In the records below, find the line containing "Apres Gel Couleur" and the line containing "Load image into"; please repeat exactly the lines from one to the other, both included, and nothing more.

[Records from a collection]
- - - - -

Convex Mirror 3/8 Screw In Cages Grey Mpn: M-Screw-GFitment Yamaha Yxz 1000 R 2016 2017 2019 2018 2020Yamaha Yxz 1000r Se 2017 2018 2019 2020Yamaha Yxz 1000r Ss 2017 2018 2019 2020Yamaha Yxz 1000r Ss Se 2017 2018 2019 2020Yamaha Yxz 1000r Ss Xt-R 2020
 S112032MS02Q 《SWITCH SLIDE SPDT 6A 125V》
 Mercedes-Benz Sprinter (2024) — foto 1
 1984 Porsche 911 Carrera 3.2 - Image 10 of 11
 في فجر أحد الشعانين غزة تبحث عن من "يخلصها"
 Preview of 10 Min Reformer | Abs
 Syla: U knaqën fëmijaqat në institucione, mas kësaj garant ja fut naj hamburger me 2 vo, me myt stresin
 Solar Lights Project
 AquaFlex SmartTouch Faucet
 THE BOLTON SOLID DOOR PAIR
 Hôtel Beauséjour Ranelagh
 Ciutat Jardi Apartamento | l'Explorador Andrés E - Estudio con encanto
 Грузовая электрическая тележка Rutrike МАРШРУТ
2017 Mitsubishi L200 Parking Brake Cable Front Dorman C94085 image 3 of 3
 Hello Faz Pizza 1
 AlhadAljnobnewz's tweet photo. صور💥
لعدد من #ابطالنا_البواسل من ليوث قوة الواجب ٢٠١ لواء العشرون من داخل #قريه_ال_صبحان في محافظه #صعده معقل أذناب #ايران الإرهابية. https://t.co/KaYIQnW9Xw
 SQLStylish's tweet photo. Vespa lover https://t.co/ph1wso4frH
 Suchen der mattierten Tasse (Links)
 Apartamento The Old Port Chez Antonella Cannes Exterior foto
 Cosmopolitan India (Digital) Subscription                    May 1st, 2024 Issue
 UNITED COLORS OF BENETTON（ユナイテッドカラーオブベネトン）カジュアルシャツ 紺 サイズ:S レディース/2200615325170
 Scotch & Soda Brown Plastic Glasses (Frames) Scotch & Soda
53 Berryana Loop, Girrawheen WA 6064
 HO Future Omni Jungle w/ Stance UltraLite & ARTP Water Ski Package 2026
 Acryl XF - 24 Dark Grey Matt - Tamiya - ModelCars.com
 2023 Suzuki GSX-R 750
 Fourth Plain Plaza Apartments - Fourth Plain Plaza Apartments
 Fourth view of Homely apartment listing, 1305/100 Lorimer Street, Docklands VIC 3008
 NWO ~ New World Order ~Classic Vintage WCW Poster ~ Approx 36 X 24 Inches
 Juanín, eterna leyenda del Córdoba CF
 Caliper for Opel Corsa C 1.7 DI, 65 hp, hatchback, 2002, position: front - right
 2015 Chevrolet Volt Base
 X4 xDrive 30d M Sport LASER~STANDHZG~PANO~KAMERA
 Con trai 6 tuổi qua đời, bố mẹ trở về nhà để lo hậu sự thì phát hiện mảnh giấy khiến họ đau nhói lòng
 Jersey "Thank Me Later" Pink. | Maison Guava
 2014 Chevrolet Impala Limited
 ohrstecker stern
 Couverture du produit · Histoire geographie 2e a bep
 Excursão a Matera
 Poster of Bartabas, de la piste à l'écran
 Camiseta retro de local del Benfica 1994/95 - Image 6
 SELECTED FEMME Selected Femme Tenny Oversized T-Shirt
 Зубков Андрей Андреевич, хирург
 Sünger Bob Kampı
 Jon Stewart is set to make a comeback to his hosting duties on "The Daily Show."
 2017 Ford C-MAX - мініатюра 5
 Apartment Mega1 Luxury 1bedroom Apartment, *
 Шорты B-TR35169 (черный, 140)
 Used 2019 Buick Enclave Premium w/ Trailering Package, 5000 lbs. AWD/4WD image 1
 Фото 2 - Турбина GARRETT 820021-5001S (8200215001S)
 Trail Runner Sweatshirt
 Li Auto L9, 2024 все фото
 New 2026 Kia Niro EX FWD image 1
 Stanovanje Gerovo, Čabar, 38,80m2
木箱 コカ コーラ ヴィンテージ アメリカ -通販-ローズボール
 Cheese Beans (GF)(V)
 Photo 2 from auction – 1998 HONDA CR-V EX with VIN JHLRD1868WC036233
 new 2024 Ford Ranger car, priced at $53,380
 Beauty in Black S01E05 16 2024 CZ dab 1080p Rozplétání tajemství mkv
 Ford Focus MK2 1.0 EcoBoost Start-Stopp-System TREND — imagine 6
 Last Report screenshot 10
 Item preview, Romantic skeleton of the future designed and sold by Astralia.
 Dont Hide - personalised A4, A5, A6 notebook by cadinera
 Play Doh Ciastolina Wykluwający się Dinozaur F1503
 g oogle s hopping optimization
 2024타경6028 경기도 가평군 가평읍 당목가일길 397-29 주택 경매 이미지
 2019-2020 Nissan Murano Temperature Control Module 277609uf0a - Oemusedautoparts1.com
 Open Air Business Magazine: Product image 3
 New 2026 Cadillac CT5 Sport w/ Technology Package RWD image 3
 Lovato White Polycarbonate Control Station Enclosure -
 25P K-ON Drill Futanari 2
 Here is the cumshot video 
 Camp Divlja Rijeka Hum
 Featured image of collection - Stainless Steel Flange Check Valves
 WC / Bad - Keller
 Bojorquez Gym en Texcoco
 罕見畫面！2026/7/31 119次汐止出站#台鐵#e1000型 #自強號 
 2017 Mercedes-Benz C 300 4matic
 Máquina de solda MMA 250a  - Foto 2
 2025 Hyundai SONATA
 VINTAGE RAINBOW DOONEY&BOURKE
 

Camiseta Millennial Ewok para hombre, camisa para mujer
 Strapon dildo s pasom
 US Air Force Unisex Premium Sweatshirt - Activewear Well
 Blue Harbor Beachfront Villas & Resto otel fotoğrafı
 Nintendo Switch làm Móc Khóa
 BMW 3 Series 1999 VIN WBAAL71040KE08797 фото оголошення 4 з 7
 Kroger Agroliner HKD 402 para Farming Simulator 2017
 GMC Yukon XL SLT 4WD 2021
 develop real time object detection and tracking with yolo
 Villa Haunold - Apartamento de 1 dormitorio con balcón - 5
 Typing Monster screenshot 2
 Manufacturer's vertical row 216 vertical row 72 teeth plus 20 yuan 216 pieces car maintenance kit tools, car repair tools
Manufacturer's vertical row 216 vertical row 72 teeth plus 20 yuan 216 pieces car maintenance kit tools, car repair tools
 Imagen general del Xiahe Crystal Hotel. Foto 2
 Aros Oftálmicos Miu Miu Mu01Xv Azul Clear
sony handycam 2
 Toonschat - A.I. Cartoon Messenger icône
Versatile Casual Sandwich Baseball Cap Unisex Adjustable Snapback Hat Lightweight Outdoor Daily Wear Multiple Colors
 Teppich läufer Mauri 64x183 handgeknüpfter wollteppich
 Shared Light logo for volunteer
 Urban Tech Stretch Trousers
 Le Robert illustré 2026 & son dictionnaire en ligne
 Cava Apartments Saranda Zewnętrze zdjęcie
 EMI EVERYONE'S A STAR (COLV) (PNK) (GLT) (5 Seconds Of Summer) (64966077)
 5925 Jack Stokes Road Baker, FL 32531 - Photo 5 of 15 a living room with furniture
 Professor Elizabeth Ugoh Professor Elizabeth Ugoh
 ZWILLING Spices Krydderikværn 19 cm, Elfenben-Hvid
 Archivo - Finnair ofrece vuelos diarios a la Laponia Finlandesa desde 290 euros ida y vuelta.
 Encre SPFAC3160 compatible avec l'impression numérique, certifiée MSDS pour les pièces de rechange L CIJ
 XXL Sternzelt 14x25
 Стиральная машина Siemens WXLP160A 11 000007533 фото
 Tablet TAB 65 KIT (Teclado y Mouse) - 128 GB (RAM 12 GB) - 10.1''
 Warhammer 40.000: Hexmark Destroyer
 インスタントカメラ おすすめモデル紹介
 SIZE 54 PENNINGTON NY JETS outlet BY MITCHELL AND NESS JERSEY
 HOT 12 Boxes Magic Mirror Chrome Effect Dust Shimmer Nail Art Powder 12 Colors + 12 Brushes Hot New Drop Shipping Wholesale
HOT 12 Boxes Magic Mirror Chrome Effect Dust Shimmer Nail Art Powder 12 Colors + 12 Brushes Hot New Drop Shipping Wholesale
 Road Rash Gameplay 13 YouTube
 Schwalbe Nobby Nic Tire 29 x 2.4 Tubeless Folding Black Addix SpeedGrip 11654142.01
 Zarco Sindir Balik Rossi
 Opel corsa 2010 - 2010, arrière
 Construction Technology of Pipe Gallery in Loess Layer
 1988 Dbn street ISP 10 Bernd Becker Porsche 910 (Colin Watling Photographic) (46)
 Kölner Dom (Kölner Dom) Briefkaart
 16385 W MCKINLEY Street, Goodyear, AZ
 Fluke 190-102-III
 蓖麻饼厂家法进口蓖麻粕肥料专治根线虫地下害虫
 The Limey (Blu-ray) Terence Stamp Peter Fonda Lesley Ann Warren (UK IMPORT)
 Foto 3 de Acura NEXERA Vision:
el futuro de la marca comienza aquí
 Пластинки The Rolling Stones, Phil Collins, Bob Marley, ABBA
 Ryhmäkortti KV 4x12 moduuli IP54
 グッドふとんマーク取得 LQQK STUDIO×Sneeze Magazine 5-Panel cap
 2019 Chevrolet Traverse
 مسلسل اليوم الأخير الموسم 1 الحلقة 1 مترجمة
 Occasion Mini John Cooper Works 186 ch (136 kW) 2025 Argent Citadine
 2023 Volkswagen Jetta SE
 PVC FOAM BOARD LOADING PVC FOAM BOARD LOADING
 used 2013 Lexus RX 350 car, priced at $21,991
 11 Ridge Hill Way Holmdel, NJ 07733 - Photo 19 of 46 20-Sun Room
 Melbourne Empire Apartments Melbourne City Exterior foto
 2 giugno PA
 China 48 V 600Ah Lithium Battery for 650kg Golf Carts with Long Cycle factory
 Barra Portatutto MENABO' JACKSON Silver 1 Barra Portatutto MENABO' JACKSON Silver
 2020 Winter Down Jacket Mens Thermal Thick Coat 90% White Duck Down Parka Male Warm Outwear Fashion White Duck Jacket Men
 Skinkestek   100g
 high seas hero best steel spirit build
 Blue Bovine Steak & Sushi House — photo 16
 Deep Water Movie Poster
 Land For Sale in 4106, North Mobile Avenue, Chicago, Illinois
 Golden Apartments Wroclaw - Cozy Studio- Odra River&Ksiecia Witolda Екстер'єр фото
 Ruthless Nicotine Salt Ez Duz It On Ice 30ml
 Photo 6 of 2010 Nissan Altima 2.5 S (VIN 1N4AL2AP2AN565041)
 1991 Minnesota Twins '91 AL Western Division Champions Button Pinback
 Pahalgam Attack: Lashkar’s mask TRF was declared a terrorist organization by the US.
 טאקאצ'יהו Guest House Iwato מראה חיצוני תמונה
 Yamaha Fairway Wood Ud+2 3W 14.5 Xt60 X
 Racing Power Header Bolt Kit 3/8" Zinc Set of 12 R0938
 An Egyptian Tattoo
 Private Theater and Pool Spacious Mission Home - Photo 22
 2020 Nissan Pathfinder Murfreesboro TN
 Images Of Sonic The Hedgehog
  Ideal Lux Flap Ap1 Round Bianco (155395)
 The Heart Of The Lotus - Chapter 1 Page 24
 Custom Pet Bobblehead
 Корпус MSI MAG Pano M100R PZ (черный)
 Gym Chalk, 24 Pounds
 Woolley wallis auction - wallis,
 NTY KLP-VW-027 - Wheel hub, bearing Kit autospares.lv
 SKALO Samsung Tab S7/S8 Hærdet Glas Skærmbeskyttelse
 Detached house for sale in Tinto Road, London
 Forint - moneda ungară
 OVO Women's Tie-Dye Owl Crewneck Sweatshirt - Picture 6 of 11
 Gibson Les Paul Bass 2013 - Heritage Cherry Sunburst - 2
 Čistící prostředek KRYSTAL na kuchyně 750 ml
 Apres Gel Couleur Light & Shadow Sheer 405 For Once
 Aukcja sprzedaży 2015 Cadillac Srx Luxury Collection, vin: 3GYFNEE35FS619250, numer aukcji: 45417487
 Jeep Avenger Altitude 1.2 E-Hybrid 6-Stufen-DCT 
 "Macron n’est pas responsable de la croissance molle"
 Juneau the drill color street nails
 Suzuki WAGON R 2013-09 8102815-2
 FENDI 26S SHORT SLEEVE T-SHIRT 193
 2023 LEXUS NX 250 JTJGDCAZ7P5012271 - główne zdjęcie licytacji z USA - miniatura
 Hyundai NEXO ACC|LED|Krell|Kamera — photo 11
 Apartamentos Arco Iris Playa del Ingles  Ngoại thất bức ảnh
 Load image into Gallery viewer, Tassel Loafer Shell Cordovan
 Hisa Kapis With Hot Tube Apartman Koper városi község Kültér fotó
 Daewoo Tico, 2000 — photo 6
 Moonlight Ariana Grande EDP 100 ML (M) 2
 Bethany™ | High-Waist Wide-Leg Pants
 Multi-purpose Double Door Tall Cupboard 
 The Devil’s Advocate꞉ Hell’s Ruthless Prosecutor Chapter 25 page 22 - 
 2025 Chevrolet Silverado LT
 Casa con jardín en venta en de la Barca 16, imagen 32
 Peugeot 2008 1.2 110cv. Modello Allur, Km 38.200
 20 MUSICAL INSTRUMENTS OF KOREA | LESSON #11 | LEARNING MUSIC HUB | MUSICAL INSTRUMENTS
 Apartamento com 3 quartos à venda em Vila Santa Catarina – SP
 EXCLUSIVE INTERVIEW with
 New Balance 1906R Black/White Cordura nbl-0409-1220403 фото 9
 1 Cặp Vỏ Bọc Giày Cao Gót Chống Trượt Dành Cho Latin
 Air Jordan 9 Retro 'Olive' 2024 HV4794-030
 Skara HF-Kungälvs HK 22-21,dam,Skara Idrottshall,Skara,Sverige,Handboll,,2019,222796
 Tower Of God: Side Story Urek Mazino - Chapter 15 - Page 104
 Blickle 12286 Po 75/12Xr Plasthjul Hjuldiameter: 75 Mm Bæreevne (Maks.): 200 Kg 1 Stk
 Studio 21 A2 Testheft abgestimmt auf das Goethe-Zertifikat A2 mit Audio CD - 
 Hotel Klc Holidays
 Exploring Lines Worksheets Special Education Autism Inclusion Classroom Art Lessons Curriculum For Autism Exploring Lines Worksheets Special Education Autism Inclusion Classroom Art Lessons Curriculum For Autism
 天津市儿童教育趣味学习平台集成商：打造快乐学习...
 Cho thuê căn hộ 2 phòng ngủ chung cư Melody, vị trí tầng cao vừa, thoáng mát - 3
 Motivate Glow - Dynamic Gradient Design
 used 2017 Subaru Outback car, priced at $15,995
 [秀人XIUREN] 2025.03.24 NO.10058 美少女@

- - - - -

**Answer for the task:**
 Apres Gel Couleur Light & Shadow Sheer 405 For Once
 Aukcja sprzedaży 2015 Cadillac Srx Luxury Collection, vin: 3GYFNEE35FS619250, numer aukcji: 45417487
 Jeep Avenger Altitude 1.2 E-Hybrid 6-Stufen-DCT 
 "Macron n’est pas responsable de la croissance molle"
 Juneau the drill color street nails
 Suzuki WAGON R 2013-09 8102815-2
 FENDI 26S SHORT SLEEVE T-SHIRT 193
 2023 LEXUS NX 250 JTJGDCAZ7P5012271 - główne zdjęcie licytacji z USA - miniatura
 Hyundai NEXO ACC|LED|Krell|Kamera — photo 11
 Apartamentos Arco Iris Playa del Ingles  Ngoại thất bức ảnh
 Load image into Gallery viewer, Tassel Loafer Shell Cordovan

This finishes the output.